-- Opening Marker --
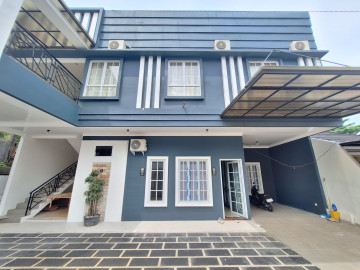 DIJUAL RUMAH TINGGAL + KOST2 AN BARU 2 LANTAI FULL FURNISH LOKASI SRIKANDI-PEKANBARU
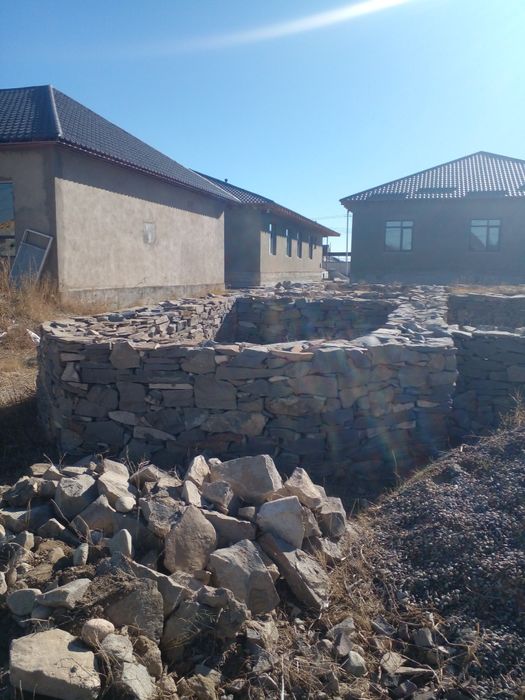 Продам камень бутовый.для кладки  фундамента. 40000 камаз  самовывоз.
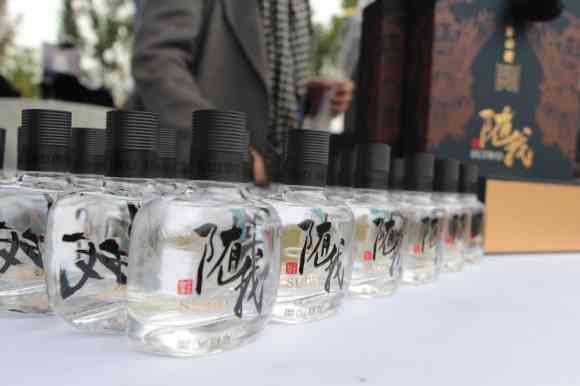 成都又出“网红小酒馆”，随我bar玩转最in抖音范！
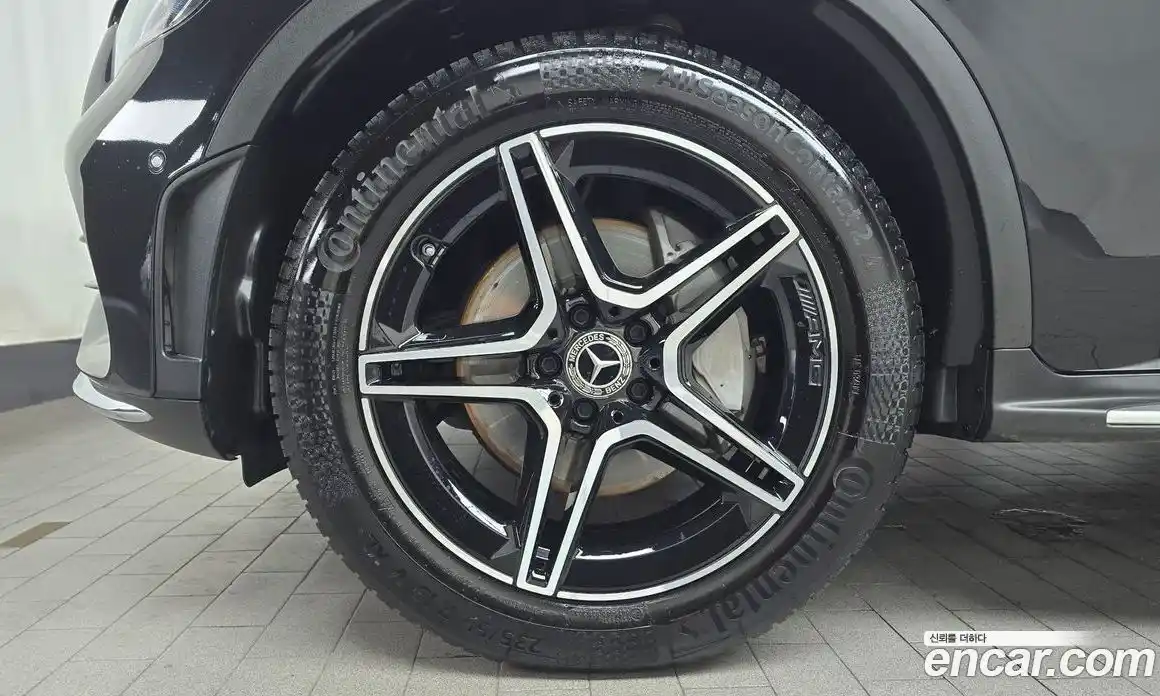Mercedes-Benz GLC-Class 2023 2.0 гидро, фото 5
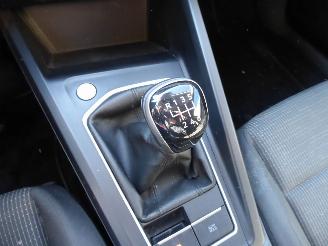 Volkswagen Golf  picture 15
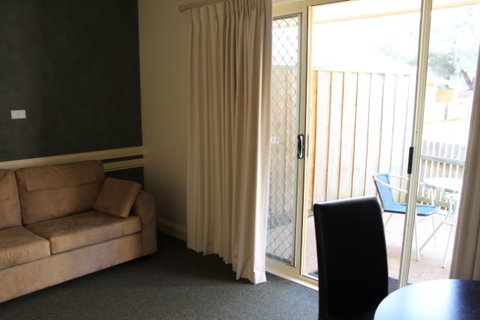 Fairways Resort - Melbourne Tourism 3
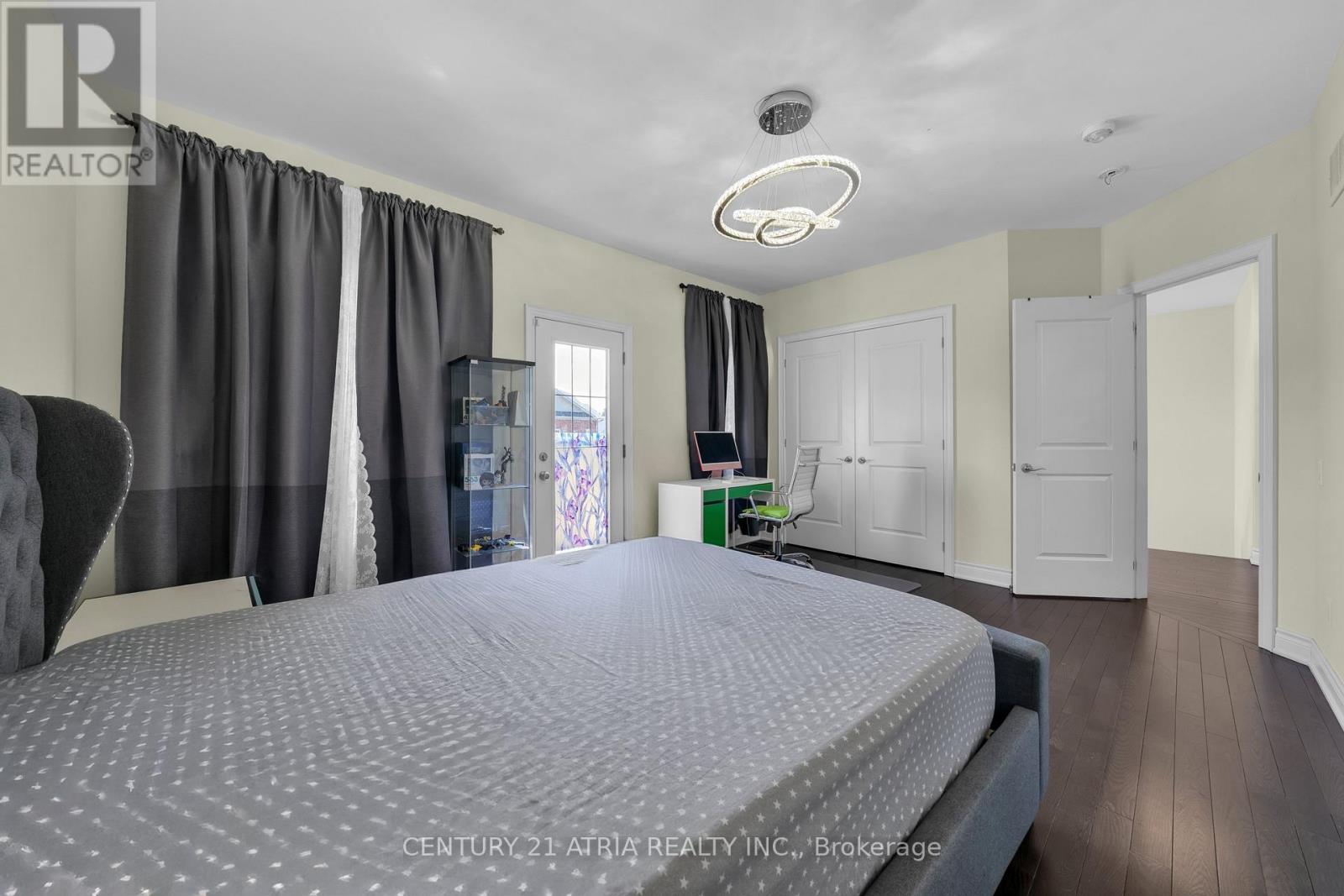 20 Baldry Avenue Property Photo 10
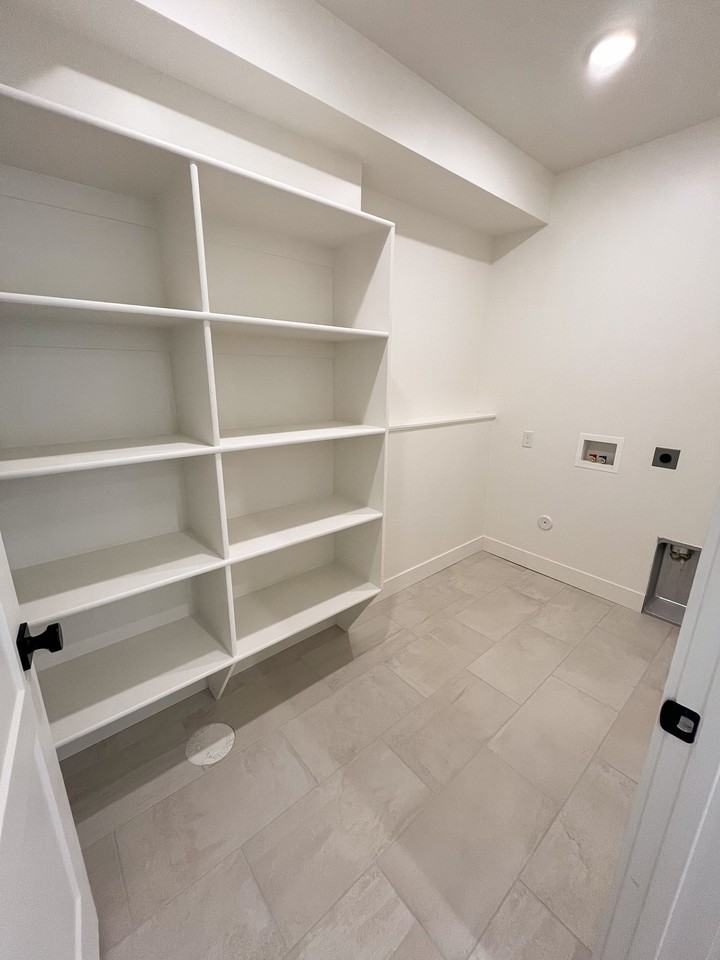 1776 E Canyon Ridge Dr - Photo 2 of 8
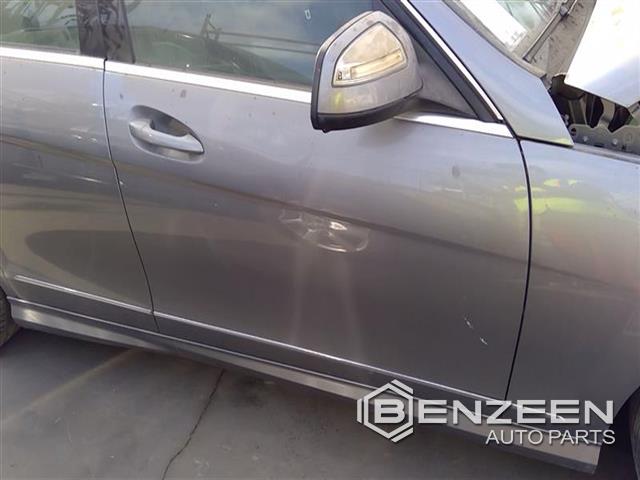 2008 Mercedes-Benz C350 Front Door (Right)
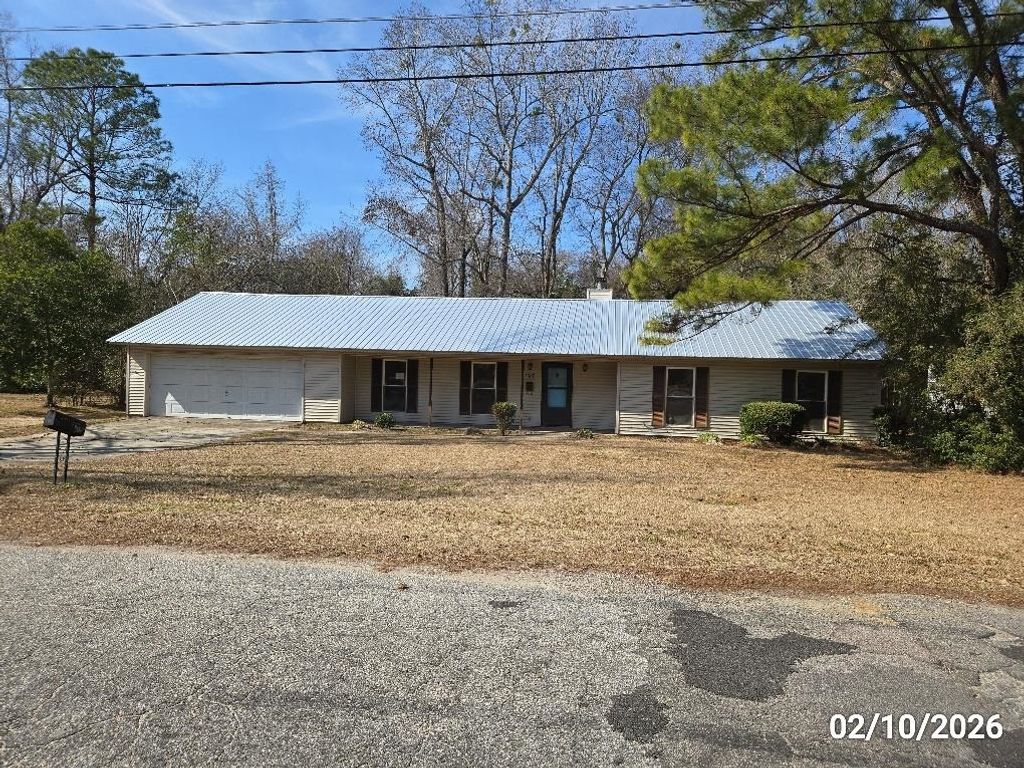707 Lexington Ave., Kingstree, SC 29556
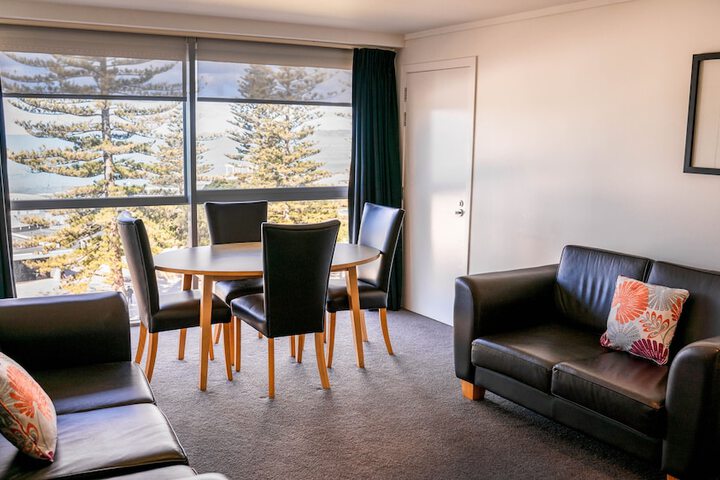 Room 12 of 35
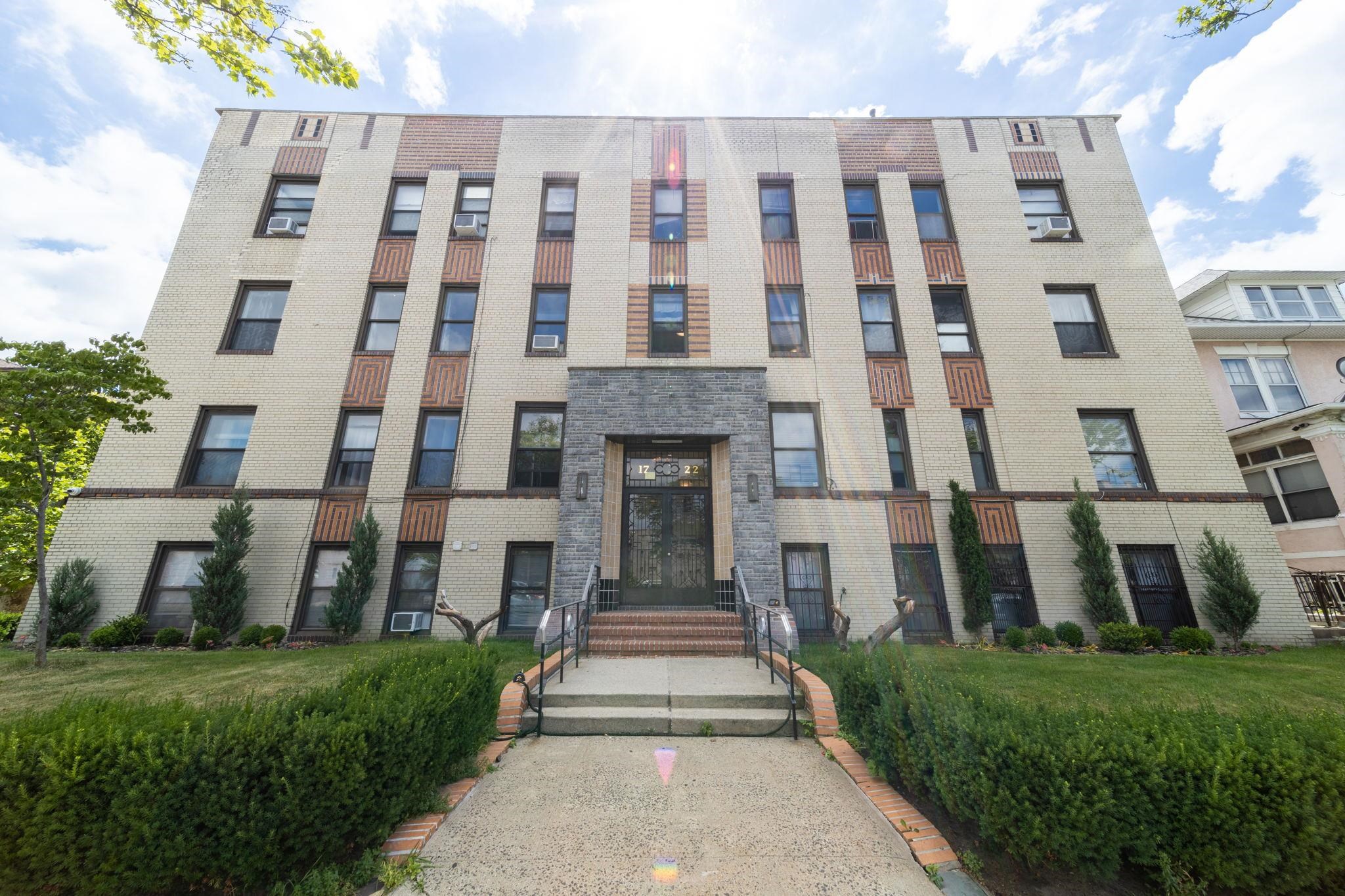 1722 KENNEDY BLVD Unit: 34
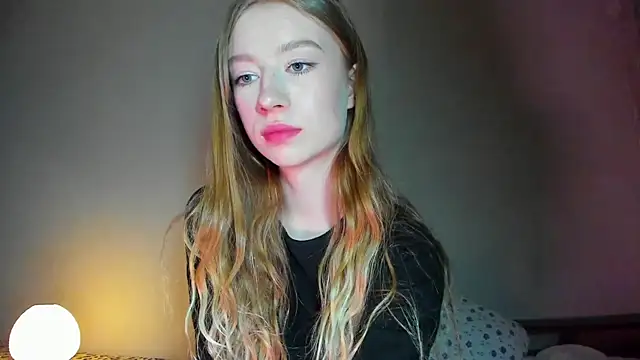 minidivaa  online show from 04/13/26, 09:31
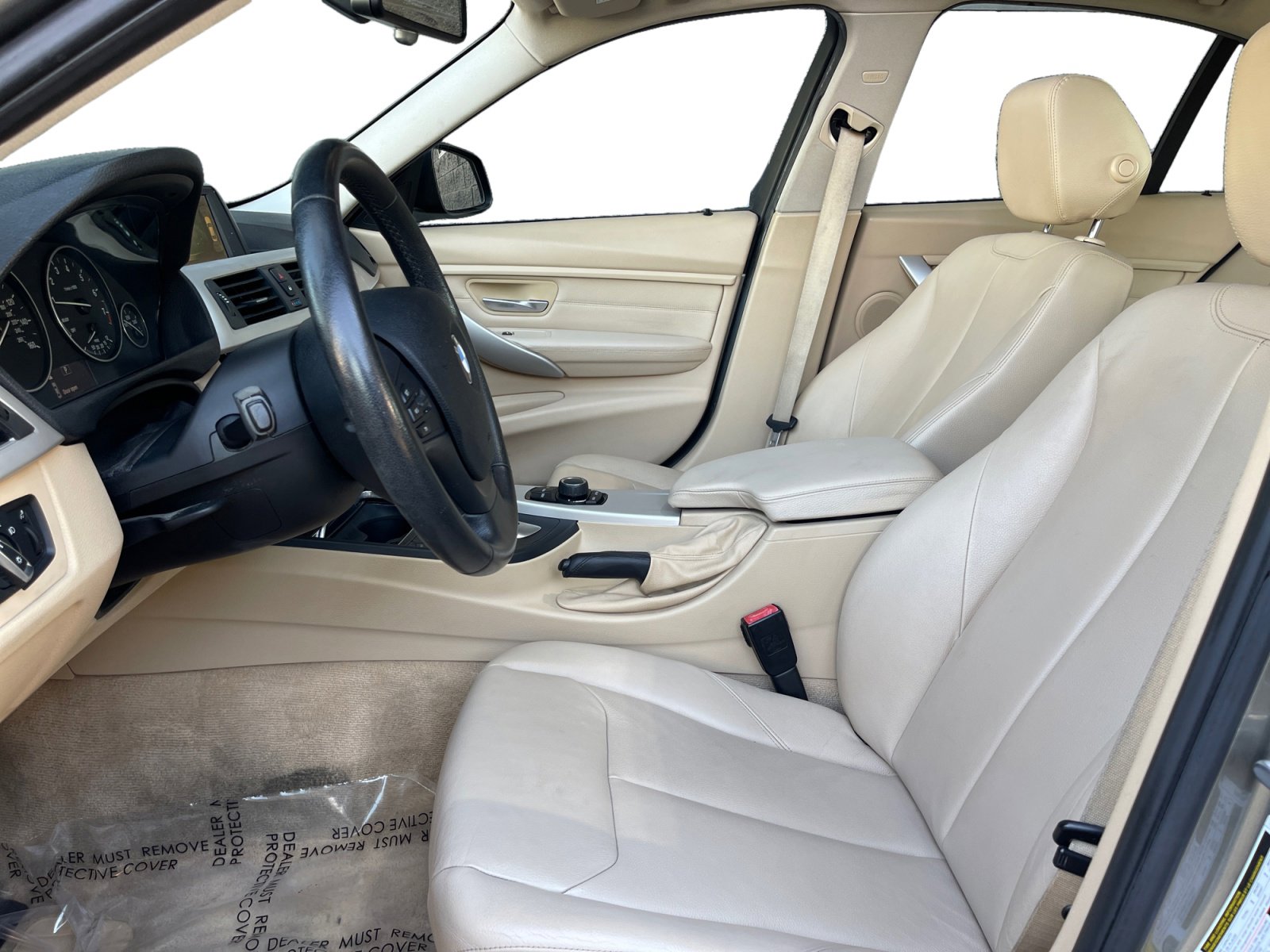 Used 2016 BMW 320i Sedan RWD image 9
-- Closing Marker --
- **Exercise prompt**: Pictures stay out; reproduce exactly the lines from the one containing "1722 KENNEDY BLVD Unit: 34" through the end of the data.

- **Task solution**:
 1722 KENNEDY BLVD Unit: 34
 minidivaa  online show from 04/13/26, 09:31
 Used 2016 BMW 320i Sedan RWD image 9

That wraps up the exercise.